Monday, October 06, 2014

New York's Teacher Dismissal Program : Progressive Insanity

There are so many things in life that astound the intelligence of the common person that has to live in reality to make a living, but the problem these days the absurd and incomprehensive events that are taking place nearly every day from our leadership.

When something like New York's teacher dismissal program comes along to be contemplated, it's accepted as just more of same insanity and people walk away overwhelmed looking for some place to hide from the chaos.

New York's leadership is progressive socialist democrat. Little wonder their actions are seen as incomprehensible to the average citizen. The hope is the individual will wake up in time to save themselves from destruction by throwing the bums out of office.

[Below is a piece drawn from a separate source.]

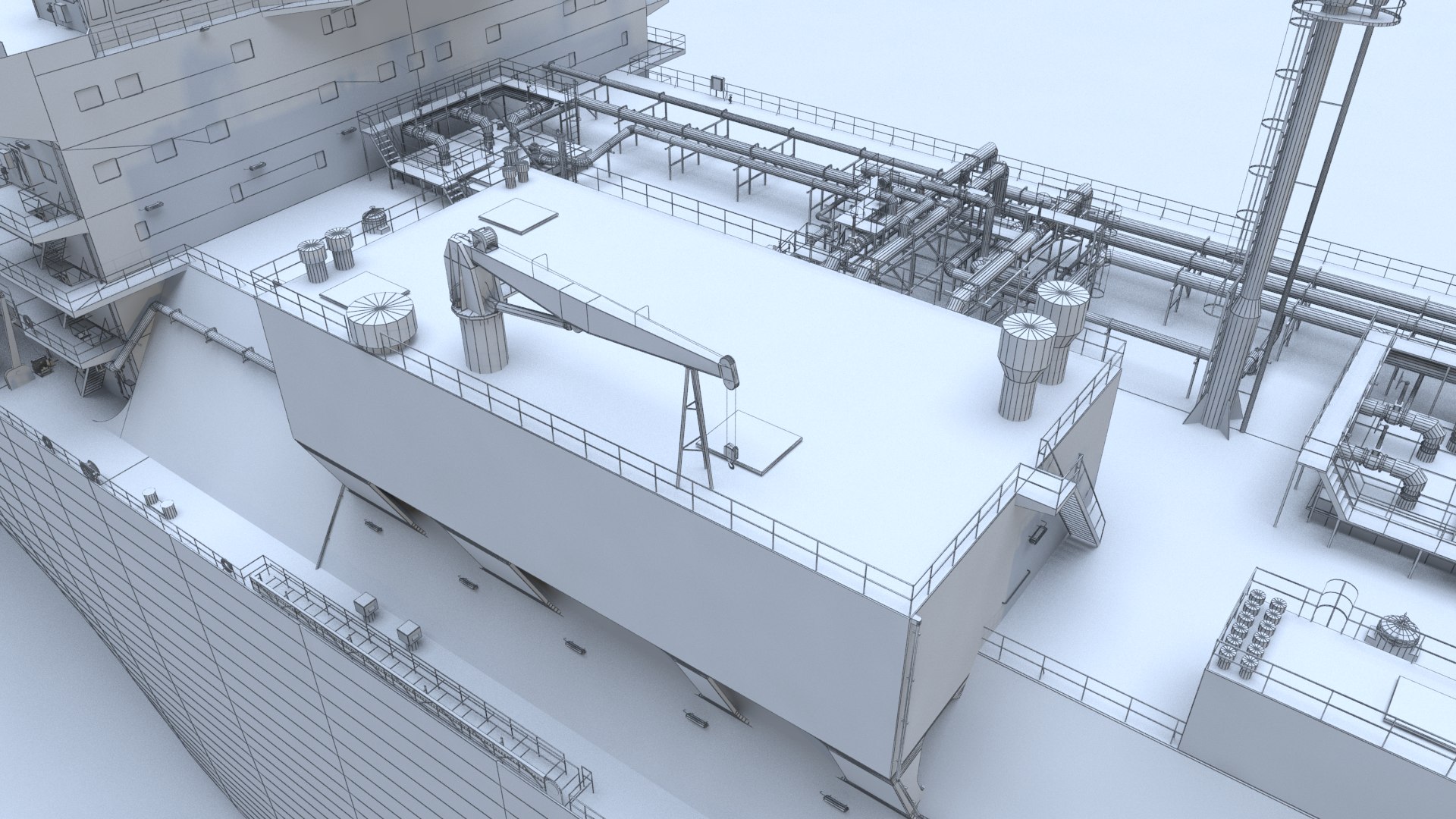 lng tanker ship gas max https://p.turbosquid.com/ts-thumb/ug/EktEdk/oS/07w/png/1676450353/1920x1080/fit_q87/0743c85bd7365873f3651267d308692ac9c2e933/07w.jpg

New York Teacher Dismissal Standard Sends Incompetent Teachers Back into Classrooms
Source: Katharine B. Stevens, "Tenured teacher dismissal in New York: Education Law § 3020-a 'Disciplinary procedures and penalties,'" American Enterprise Institute, October 2014.

October 3, 2014

Two lawsuits have been filed in New York claiming that the state's tenure laws violate children's state constitutional right to a "sound basic education," writes Katharine Stevens, research fellow at the American Enterprise Institute. As Stevens explains, Section 3020-a of the state's education law is at the center of the controversy. The effect of the law is staggering, as dismissal decisions focus not on the teacher's poor performance but on the teacher's capacity to be rehabilitated.

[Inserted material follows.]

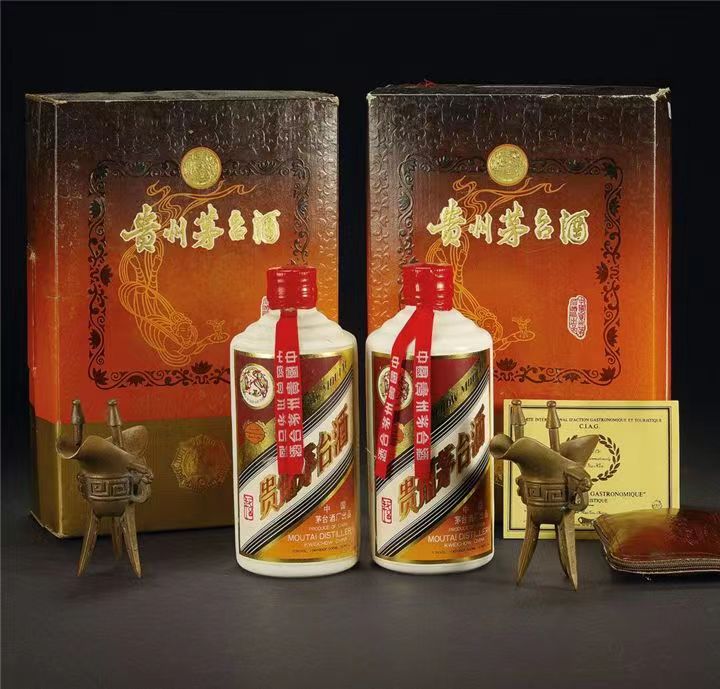 乐都烟酒回收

Section 3020-a covers "Disciplinary Procedures and Penalties." According to the provision, tenured New York teachers may be dismissed from their jobs only if an administrative hearing finds "just cause" for doing so.

Stevens analyzed 155 different administrative decisions. What she found was that the disciplinary system focused far less on whether the school was correct in finding a teacher's performance to be inadequate and more on "whether there is any possibility than an inadequately performing teacher can be rehabilitated." It is the school's duty to rehabilitate that teacher, she explains, which it is required to do "until it is essentially indisputable that rehabilitation is impossible."

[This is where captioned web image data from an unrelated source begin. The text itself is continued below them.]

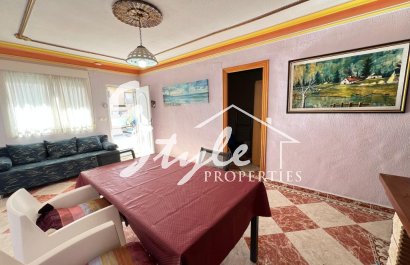 Reventa - Townhouse - La Mata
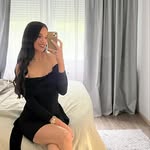 Marija Babić - @mileticmaarija - Instagram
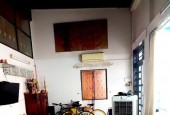 Nhà HXH 7 Chỗ - 116m² - Chỉ nhỉnh 9 tỷ Ngay Nơ.ơ Trang Long Bình Thạnh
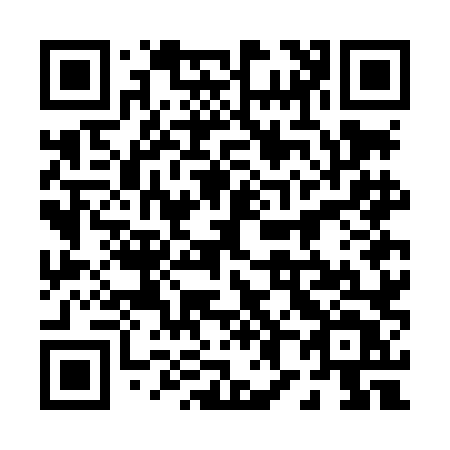 QR code for 087-LLT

The focus on teacher rehabilitation, explains Stevens, "keeps chronically inadequate teachers in the classroom." In order for a New York school even to file dismissal charges against a teacher, the school must first prove that they have made attempts to rehabilitate the teacher. In short, "the law compels school administrators to knowingly leave ineffective teachers in the classroom for years while trying to rehabilitate them."

Even when an administrative hearing does determine that the teacher is ineffective, teachers are routinely sent back to classrooms with the hope of improvement. For example, Stevens cites one case in which a school district had made clear, over the course of a 22-day hearing, that a teacher had spent three years being "guilty of incompetence more often than not." Yet, the hearing officer in charge of the case sent the teacher back into the classroom, as he stated his belief that "with appropriate remediation, [she] may be rehabilitated to the point of competence."

Stevens quotes from one administrative hearing officer who handles these tenure cases. According to the officer, mere incompetence cannot justify dismissal of a New York teacher. Instead, the school must prove that the teacher is ineffective as well as "incorrigible" without "a probability or even a hope of rehabilitation."

As a result, New York students across the state are forced to learn from grossly inadequate teachers -- including those who are incompetent, fail to show up to work or are even abusive -- who are protected by the 3020-a standard.